How do you find all rational roots for #3x^4 - 2x^3 + 8x^2 - 6x - 3 = 0#?

1 Answer
May 30, 2016

Answer:

The rational root theorem can point out the possibilities, but in this particular case there's a shortcut to the rational zeros:

#x=1# and #x=-1/3#

Explanation:

#f(x) = 3x^4-2x^3+8x^2-6x-3#

By the rational root theorem, any rational zero of #f(x)# is expressible in the form #p/q# for integers #p, q# with #p# a divior of the constant term #-3# and #q# a divisor of the coefficient #3# of the leading term.

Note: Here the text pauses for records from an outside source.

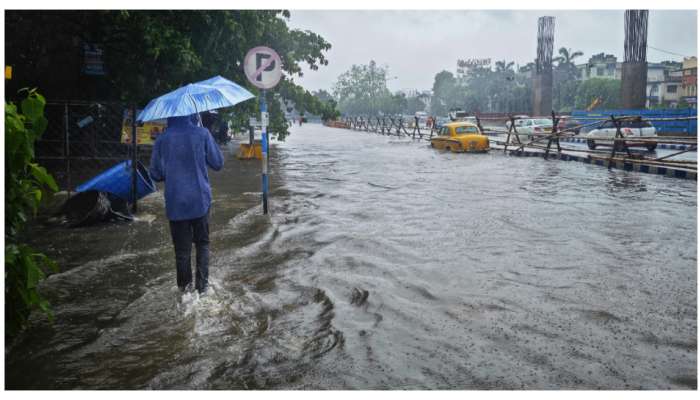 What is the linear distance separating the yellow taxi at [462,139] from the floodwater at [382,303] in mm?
15018

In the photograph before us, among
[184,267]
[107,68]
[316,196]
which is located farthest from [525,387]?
[107,68]

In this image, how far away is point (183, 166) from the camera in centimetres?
554

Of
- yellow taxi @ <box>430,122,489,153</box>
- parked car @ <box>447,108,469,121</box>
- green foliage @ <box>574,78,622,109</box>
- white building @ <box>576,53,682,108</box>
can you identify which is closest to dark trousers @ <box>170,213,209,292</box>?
yellow taxi @ <box>430,122,489,153</box>

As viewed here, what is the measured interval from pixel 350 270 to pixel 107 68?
12.4 meters

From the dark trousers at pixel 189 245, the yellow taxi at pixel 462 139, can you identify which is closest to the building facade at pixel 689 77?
the yellow taxi at pixel 462 139

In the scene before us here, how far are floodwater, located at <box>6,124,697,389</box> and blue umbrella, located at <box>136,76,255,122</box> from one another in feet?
5.13

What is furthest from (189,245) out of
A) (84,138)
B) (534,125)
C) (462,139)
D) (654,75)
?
(654,75)

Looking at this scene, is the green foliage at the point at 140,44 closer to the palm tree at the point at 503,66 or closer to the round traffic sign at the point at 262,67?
the round traffic sign at the point at 262,67

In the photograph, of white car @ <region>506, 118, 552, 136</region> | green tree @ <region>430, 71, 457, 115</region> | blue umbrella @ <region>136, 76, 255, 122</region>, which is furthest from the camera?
green tree @ <region>430, 71, 457, 115</region>

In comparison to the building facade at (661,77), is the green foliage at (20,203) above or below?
below

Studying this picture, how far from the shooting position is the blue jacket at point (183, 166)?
5535 mm

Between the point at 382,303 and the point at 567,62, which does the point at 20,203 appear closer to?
the point at 382,303

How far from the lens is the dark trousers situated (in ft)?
18.7

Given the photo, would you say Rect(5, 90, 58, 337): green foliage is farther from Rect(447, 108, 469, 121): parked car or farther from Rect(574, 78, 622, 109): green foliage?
Rect(574, 78, 622, 109): green foliage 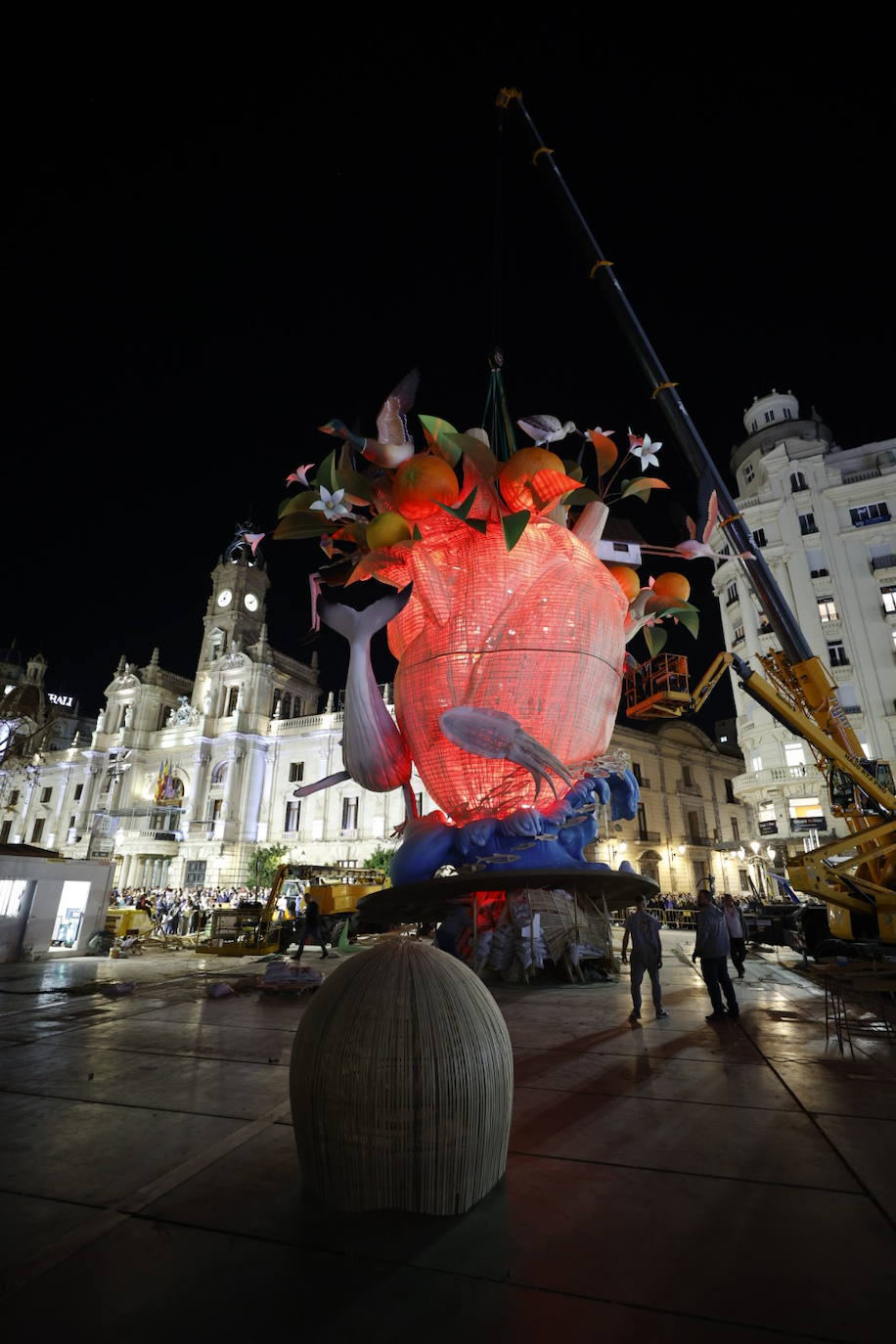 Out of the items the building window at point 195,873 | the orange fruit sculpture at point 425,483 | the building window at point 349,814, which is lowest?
the building window at point 195,873

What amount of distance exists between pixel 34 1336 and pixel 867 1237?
3.16m

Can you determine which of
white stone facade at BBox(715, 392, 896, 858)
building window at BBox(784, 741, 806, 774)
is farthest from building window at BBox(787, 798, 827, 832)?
building window at BBox(784, 741, 806, 774)

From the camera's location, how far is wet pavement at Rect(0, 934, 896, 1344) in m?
2.15

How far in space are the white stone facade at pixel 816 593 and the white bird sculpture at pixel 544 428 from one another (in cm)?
1962

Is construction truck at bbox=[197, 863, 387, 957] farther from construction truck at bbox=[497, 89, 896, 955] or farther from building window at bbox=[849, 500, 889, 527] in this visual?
building window at bbox=[849, 500, 889, 527]

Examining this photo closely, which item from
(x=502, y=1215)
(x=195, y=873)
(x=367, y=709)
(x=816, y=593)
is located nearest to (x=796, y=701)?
(x=367, y=709)

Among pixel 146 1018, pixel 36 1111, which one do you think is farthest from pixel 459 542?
pixel 36 1111

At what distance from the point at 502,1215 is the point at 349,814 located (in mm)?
40590

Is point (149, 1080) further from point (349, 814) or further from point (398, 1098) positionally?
point (349, 814)

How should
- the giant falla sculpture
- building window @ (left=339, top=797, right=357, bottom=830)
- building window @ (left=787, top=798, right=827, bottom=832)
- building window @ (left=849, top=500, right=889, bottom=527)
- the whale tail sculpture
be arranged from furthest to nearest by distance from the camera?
building window @ (left=339, top=797, right=357, bottom=830), building window @ (left=849, top=500, right=889, bottom=527), building window @ (left=787, top=798, right=827, bottom=832), the whale tail sculpture, the giant falla sculpture

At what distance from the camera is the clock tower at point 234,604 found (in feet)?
177

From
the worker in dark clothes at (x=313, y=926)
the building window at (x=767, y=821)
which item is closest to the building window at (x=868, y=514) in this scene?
the building window at (x=767, y=821)

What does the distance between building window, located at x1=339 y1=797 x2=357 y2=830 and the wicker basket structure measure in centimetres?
4006

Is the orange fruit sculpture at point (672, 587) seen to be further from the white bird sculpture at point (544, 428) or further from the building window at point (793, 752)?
the building window at point (793, 752) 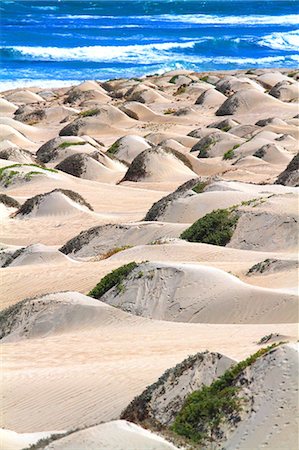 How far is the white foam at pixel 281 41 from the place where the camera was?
80231 millimetres

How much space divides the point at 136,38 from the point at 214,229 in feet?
214

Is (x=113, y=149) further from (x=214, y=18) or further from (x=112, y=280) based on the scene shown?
(x=214, y=18)

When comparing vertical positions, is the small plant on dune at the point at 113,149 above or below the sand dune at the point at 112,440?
below

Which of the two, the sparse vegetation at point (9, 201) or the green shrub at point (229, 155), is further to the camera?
the green shrub at point (229, 155)

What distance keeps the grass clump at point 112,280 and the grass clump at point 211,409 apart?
620 cm

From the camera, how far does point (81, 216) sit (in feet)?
75.8

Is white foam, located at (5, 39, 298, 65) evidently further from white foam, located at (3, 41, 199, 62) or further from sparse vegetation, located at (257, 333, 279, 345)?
sparse vegetation, located at (257, 333, 279, 345)

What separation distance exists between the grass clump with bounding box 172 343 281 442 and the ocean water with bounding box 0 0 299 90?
53.6 metres

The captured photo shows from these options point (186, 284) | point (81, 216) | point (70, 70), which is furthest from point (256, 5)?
point (186, 284)

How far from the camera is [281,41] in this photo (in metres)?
82.0

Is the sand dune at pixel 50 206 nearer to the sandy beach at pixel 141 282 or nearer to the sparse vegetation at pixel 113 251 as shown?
the sandy beach at pixel 141 282

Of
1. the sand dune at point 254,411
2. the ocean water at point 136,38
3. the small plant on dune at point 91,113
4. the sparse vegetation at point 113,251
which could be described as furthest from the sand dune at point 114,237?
the ocean water at point 136,38

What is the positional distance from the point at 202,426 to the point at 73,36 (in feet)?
245

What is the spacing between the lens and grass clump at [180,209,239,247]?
17953mm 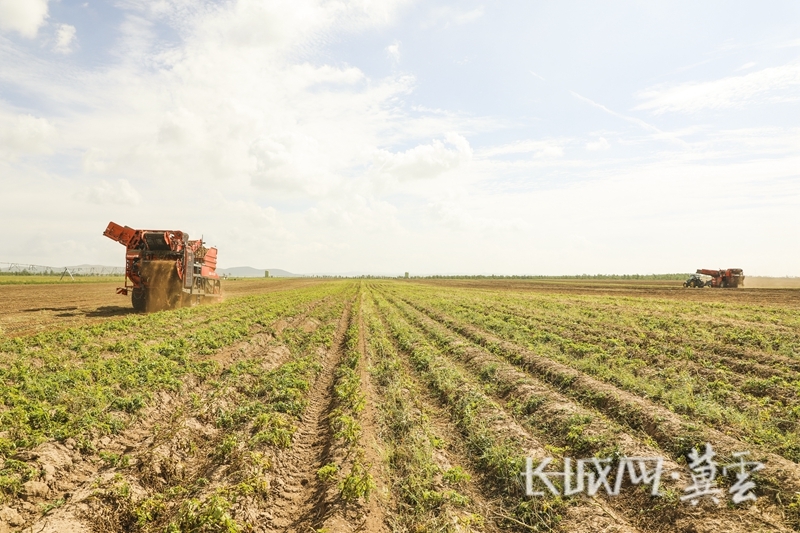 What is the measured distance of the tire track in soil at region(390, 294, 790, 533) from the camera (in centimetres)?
483

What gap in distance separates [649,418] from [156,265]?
23.3m

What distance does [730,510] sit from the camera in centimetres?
507

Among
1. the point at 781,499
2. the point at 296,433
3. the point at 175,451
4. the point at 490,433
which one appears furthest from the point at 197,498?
the point at 781,499

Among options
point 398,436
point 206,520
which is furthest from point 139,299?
point 206,520

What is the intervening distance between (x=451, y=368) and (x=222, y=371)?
654 cm

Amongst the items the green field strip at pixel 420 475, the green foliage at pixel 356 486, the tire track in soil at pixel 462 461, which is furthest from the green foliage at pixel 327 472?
the tire track in soil at pixel 462 461

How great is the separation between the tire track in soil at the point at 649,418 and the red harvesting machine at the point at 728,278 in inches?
2129

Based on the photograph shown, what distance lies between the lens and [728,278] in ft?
174

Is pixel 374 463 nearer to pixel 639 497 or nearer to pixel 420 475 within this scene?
pixel 420 475

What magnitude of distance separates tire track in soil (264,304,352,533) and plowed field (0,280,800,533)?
35mm

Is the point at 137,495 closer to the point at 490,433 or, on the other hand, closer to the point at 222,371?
the point at 490,433

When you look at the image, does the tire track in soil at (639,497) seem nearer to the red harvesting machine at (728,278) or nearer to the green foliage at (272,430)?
the green foliage at (272,430)

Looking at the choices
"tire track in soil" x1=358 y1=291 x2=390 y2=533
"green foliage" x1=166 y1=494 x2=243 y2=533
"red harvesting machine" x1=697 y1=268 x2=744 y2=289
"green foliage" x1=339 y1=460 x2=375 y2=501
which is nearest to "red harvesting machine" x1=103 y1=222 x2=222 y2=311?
"tire track in soil" x1=358 y1=291 x2=390 y2=533

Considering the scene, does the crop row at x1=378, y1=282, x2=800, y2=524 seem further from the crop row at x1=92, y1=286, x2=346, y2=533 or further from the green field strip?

So the only possible rational zeros are:

#+-1/3#, #+-1#, #+-3#

#color(white)()#
Actually we can proceed more directly to find all the zeros as follows:

Note that the sum of the coefficients of #f(x)# is zero. That is:

#3-2+8-6-3 = 0#

Hence #f(1) = 0# and #(x-1)# is a factor:

#3x^4-2x^3+8x^2-6x-3 = (x-1)(3x^3+x^2+9x+3)#

The remaining cubic can be factored by grouping as follows:

#3x^3+x^2+9x+3#

#= (3x^3+x^2)+(9x+3)#

#=x^2(3x+1)+3(3x+1)#

#=(x^2+3)(3x+1)#

So another rational zero is #x=-1/3#

The remaining quadratic has no Real zeros, rational or irrational since #x^2+3 >= 3 > 0# for any Real value of #x#.

It does have Complex zeros #x = +-sqrt(3)i#